The last time New York City had a Democratic mayor, Whitney Houston’s “I Will Always Love You” was at the top of the Billboard charts, Schindler’s List was on track to win seven Oscars, and The X-Files made its debut on the Fox network (which was itself only seven years-old). In the news that year, federal agents besieged the Branch Davidian complex in Waco Texas, Bill Clinton agreed to the “Don’t Ask, Don’t Tell” policy on gays in the military, and the World Trade Center was attacked by terrorists – for the first time.

The mayor was David Dinkins, and it was 1993. In other words, a very long time ago.

Now this heavily Democratic city has ended a 20-year span of non-Democratic leaders by electing not just any liberal, but one who proudly waves the progressive flag. As the votes were still being counted Tuesday night, the sweep of Bill de Blasio’s victory was by all accounts massive, cutting across age, race, and class.

It’s not 1983, or 1993, anymore.

De Blasio won the crucial Democratic primary in September by defining himself in opposition to City Council Speaker Christine Quinn, who was seen by many voters as too close to the big-business, pro-development agenda of three-term Mayor Michael Bloomberg. De Blasio built support with his “tale of two cities” rhetoric about New York’s widening economic inequality and his strong stance against the stop-and-frisk policing strategies that came straight out of the Giuliani era.

The inevitability of de Blasio’s mayoral victory – in polls, he led Republican candidate Joe Lhota by nearly 50 points on the eve of the election – had his conservative critics traveling back in time to convince voters that a de Blasio administration would be a catastrophe.

Lhota’s ads dug up scary photos of New York streets and subways in the 1980s (and used at least one of them without the photographer’s permission). Before the votes were even counted on Election Day, the right-wing Drudge Report had tweeted a truly mind-blowing movie poster for 1979 camp classic The Warriors, which depicts a stylized gang war on New York’s "mean" streets, a suggestion that this was the lawless future a de Blasio administration would usher in.

The day before the election, the New York Post ran a front-page piece about a trip de Blasio made to the former Soviet Union as a student back in 1983. “It was the same year that President Ronald Reagan referred to the country’s regime as ‘The Evil Empire,’” the paper pointed out, for those who might not remember the history. “Back in the USSR!” the headline blared on a bright red background, along with de Blasio’s smiling, disembodied face next to a hammer and sickle.

All these scare tactics were likely lost on anyone under the age of 50. As one guy in his 20s said to me recently, for a lot of younger New Yorkers, the hammer and sickle is more likely to be familiar as a symbol that might appear on a hipster T-shirt than as an emblem of a feared enemy.
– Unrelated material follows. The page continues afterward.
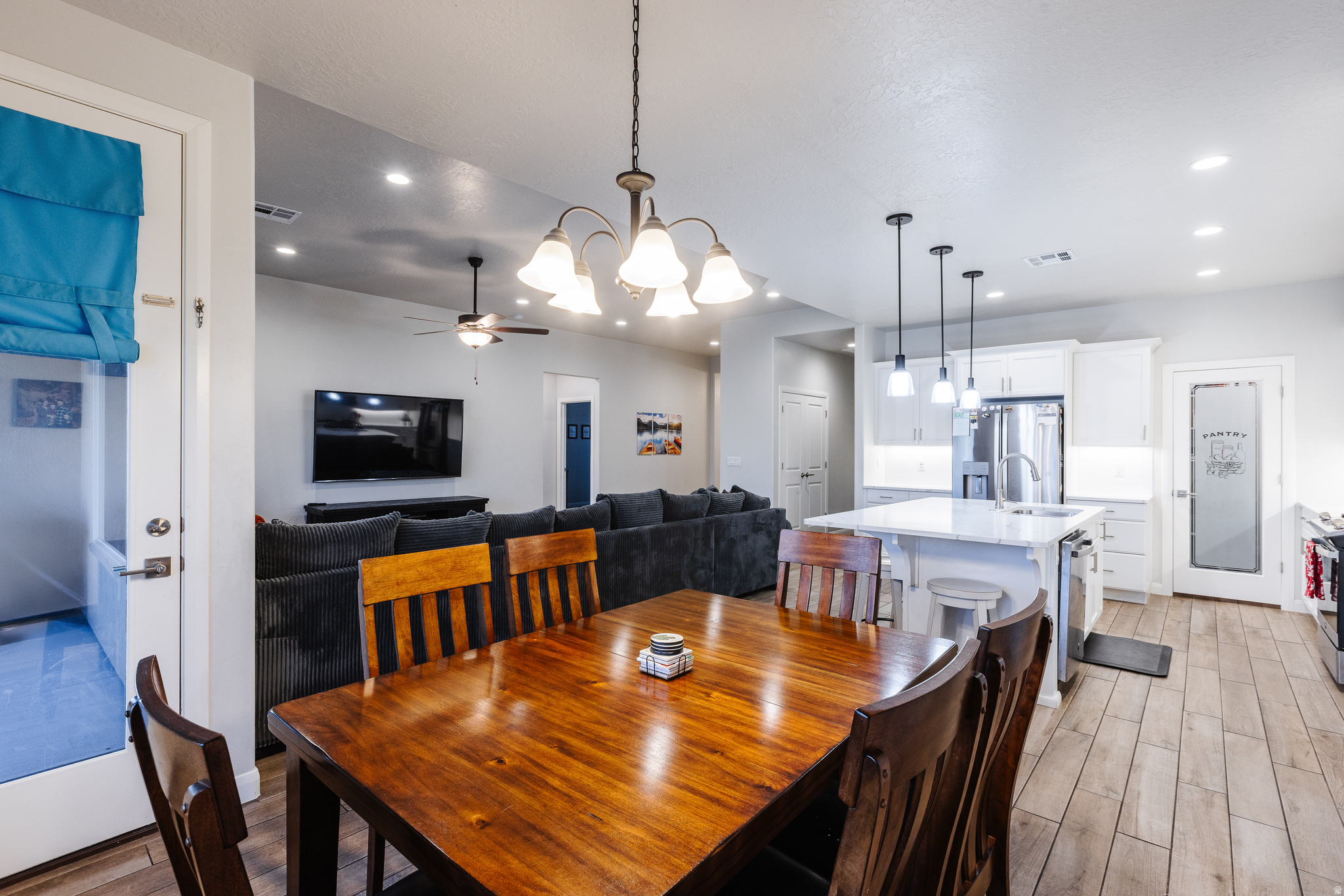 VARANO VISTAS AT DIVARIO PH 1 - Residential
It’s not 1983, or 1993, anymore. And as much as de Blasio likes to trumpet his liberal bona fides, he has clearly learned a lot about the way American politics works since he went to Nicaragua to work with the left-wing Sandinista revolutionaries back in 1988 – another episode in his past that opponents have criticized.

Once de Blasio’s candidacy picked up steam, he started attracting big money from donors on Wall Street. He also scored major financial support from the entrenched taxi industry and wealthy real estate developers. His spokesperson, Lis Smith, told the Daily News, “As he's said repeatedly, Bill de Blasio will make decisions as mayor based on what's right for New York, not what the special interests or their lobbyists want.” But even before he was elected, there were questions about whether anyone scoring those kinds of donations could call himself a “true progressive.” As one Democratic insider told Newsweek back in August, “Bill de Blasio is much closer to Machiavelli than to Marx. He is not a left-wing crusader or ideologue.” 
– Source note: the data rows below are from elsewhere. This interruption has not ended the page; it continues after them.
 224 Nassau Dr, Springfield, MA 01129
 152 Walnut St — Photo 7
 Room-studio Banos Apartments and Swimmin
While de Blasio has said he will try to fund universal pre-K with a tax on those earning $500,000 or more, he has also described himself as “a fiscal conservative” and “a progressive who can count.” His relatively brief track record in elected office shows he is hardly a wild-eyed opponent of capitalism: as a city councilmember, he was a staunch supporter of the controversial Atlantic Yards complex in Brooklyn, where affordable housing promised by the developer has yet to be built long after completion of the Barclays Center arena.

Chances are, de Blasio will not turn out to be a Robin Hood shaking down the rich to feed the poor and allowing chaos to reign in the streets. Nor will he be an unthinking panderer to plutocrats. Those are the caricatures of a generation ago, and they don’t necessarily have much relevance in the New York of today. Whether you are terrified of a return to the old days or you yearn for the city as it once was – cheap, loose and often out of control – you should know this: No matter what de Blasio does as mayor, he won’t be able to turn back time.